__Problem requirements__: Reproduce, exactly and in full, the lines from the one with "Papier de verre" through the one with "Waveshare ESP32-C5 لوحة" in the data below; drop pictures.

__Dataset extract__:
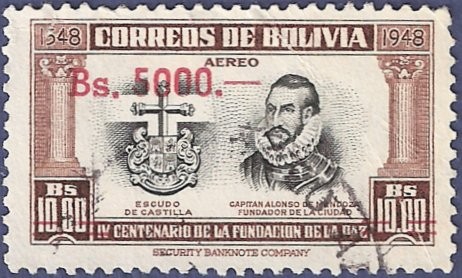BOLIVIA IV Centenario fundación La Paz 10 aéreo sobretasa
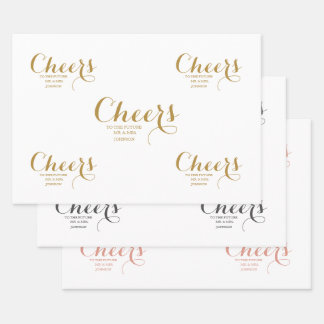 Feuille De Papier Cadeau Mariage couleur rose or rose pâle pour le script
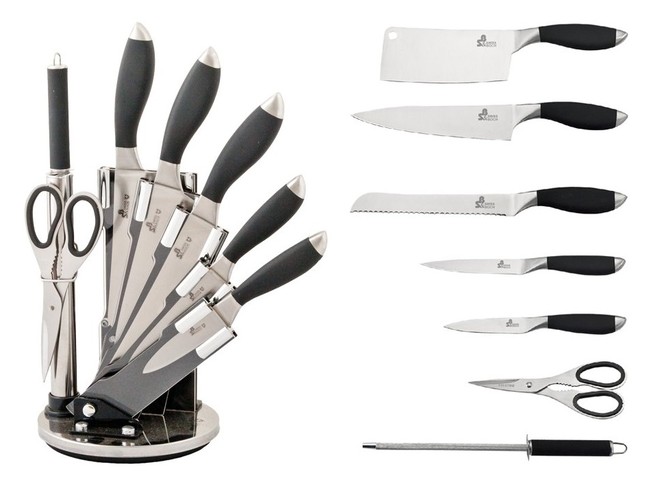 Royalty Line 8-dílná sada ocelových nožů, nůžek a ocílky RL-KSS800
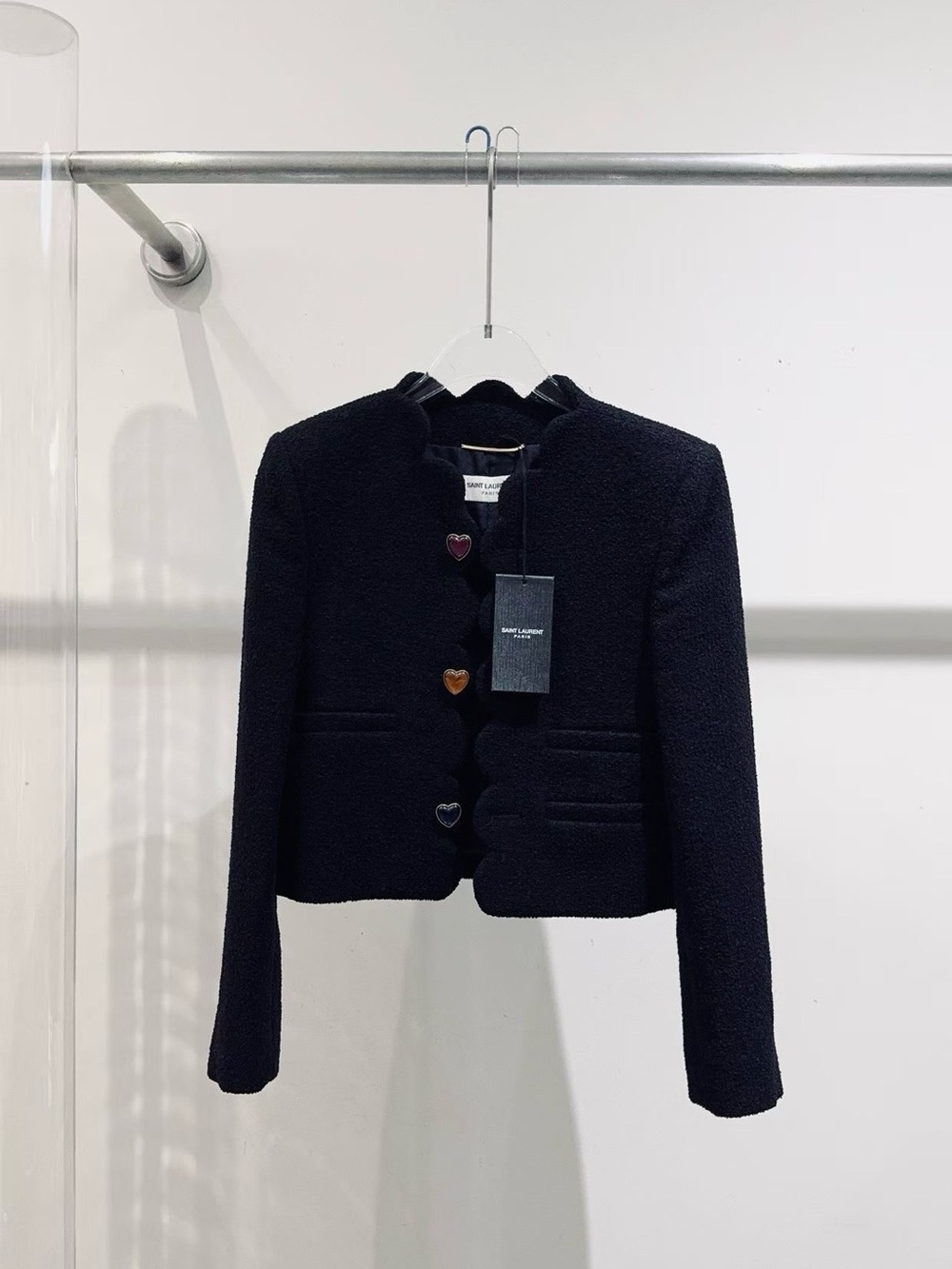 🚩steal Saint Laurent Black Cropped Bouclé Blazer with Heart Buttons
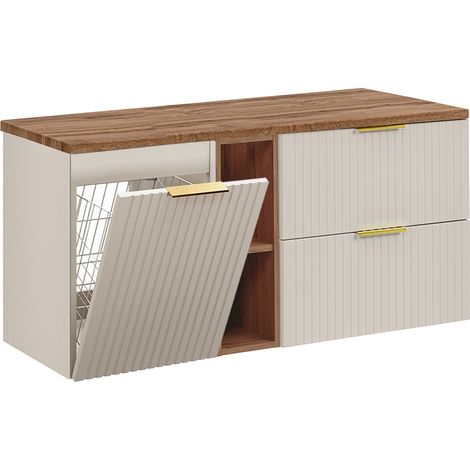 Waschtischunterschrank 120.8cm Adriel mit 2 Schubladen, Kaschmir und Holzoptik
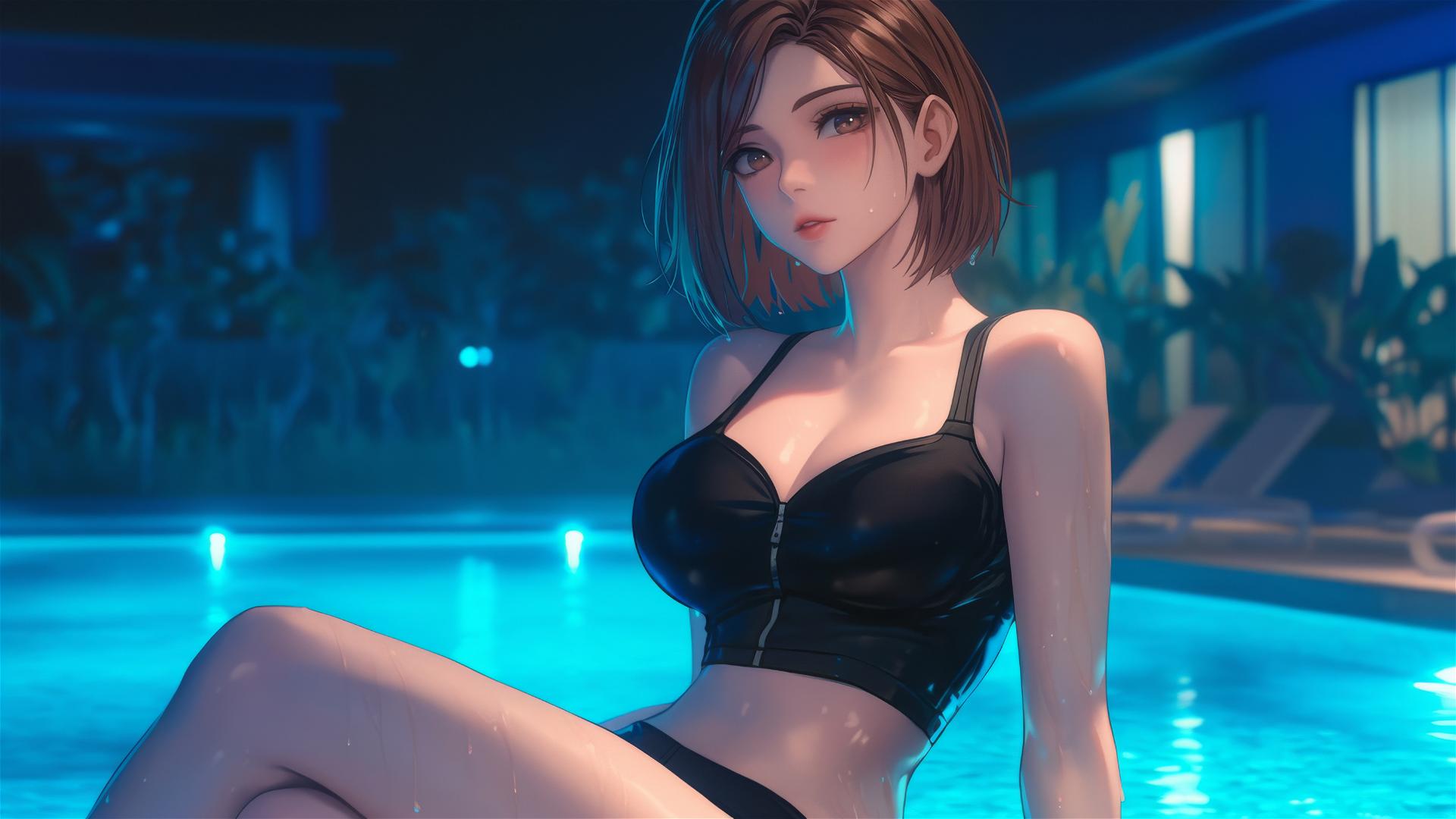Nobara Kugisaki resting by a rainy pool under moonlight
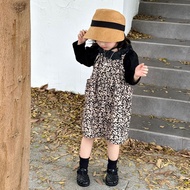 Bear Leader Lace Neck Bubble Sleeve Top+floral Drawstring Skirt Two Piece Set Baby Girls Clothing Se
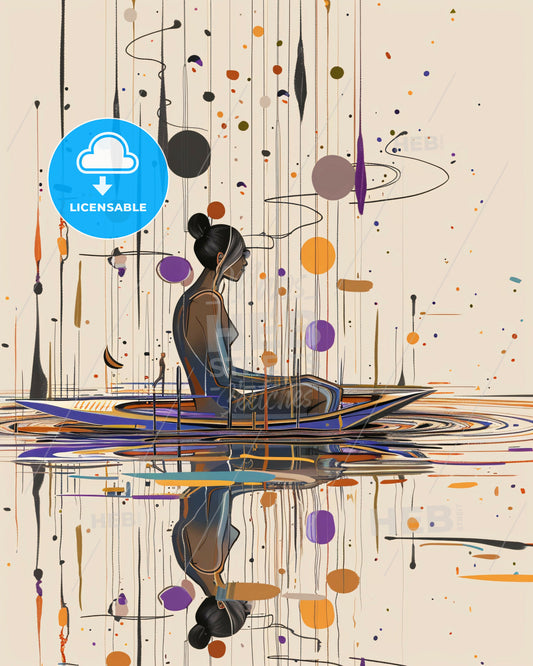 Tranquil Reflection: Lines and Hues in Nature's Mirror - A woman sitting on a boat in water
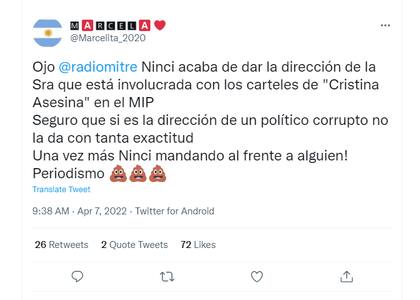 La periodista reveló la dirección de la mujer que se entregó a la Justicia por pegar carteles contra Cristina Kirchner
---
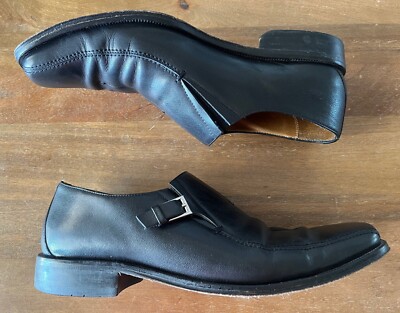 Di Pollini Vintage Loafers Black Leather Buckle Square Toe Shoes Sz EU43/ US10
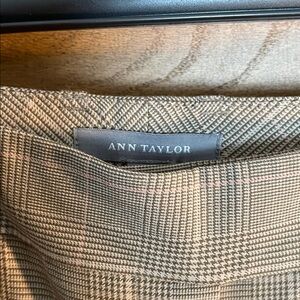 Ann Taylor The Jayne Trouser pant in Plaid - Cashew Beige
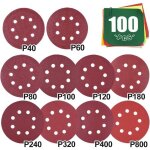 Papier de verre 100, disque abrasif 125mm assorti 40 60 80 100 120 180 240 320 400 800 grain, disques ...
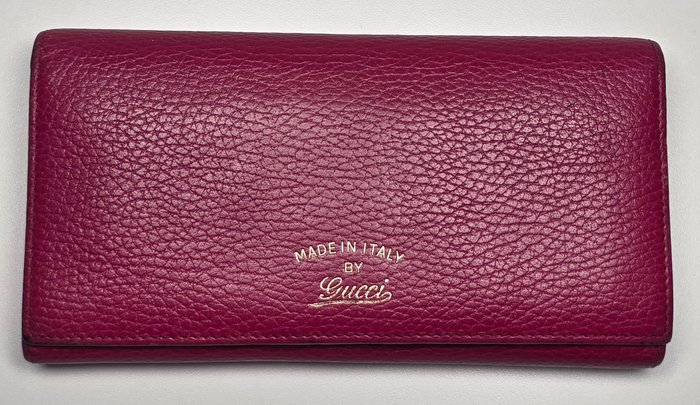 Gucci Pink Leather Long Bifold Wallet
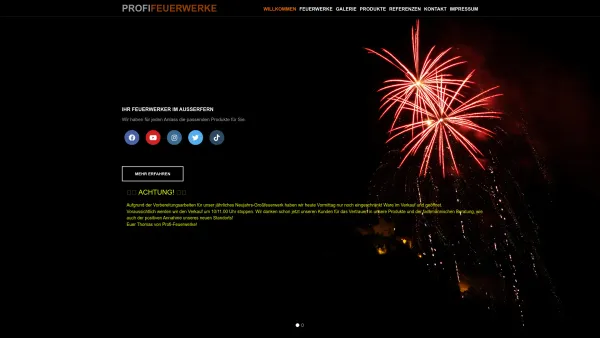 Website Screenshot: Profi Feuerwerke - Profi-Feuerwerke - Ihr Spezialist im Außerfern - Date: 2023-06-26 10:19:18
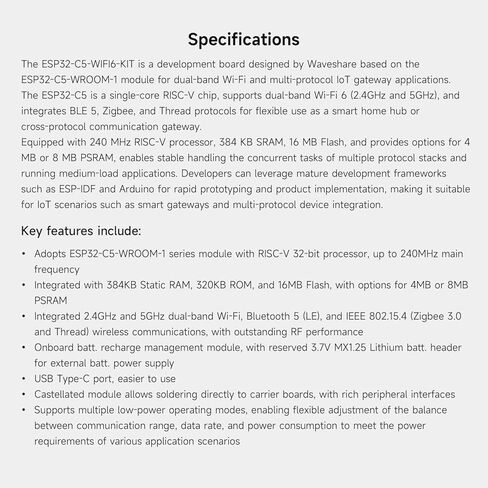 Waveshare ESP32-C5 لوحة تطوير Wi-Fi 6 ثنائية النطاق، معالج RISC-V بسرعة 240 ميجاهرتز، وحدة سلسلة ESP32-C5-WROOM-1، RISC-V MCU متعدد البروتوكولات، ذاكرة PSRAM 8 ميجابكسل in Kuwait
* * *
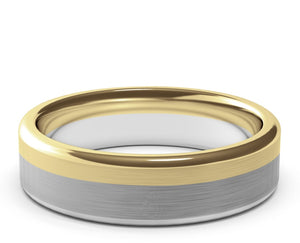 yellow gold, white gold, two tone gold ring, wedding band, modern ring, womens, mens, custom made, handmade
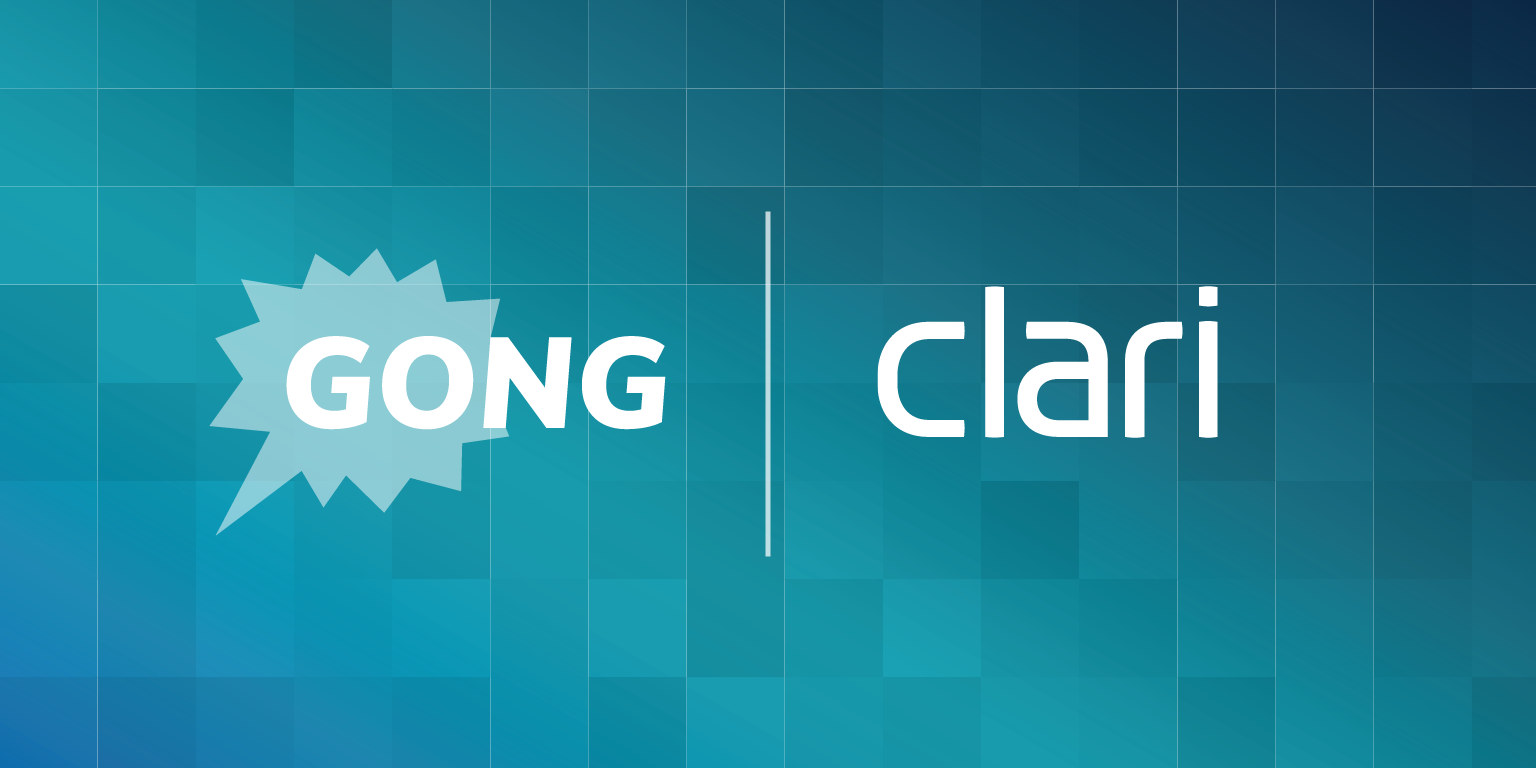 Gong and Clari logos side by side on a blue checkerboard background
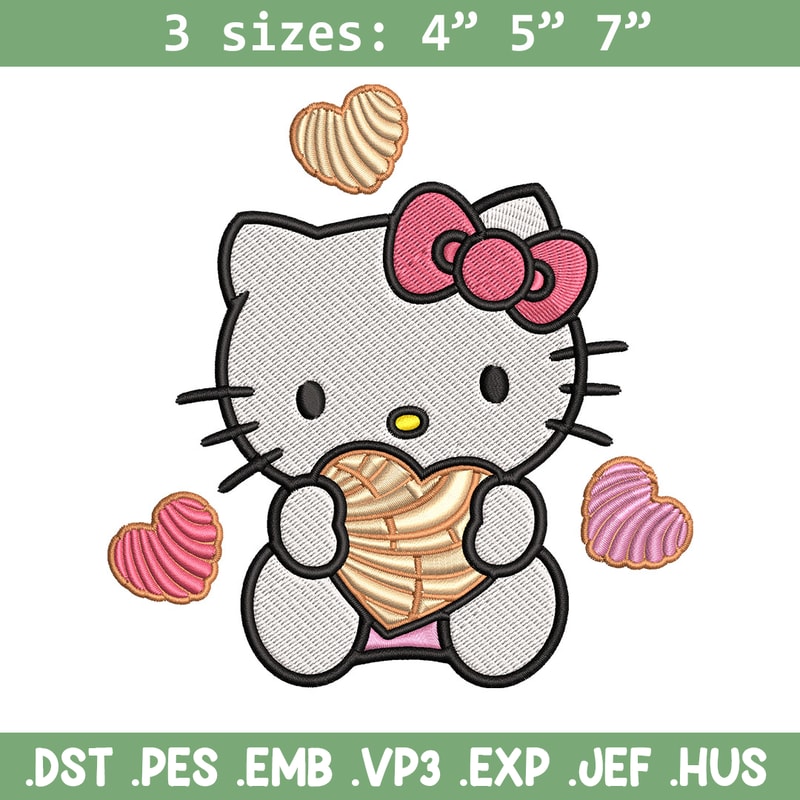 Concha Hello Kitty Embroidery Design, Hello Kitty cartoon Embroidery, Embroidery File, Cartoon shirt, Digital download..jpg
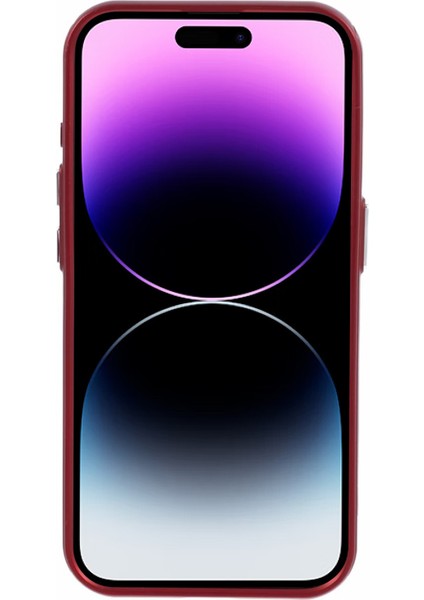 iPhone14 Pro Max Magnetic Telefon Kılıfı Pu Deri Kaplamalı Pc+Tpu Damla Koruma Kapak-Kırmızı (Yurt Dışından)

__Result for this exercise__:
 Papier de verre 100, disque abrasif 125mm assorti 40 60 80 100 120 180 240 320 400 800 grain, disques ...
 Gucci Pink Leather Long Bifold Wallet
 Website Screenshot: Profi Feuerwerke - Profi-Feuerwerke - Ihr Spezialist im Außerfern - Date: 2023-06-26 10:19:18
 Waveshare ESP32-C5 لوحة تطوير Wi-Fi 6 ثنائية النطاق، معالج RISC-V بسرعة 240 ميجاهرتز، وحدة سلسلة ESP32-C5-WROOM-1، RISC-V MCU متعدد البروتوكولات، ذاكرة PSRAM 8 ميجابكسل in Kuwait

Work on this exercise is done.